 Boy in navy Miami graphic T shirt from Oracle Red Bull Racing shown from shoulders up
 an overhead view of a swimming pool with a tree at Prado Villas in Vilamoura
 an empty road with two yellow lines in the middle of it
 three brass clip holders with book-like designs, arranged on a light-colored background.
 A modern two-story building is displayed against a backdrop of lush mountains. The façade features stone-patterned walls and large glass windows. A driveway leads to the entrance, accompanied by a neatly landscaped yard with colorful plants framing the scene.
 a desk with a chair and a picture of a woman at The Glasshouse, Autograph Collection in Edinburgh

------------------------------------

- _Problem statement_: Determine how many lines of the records hold the word "with", giving only that number.

- _Exercise output_: 5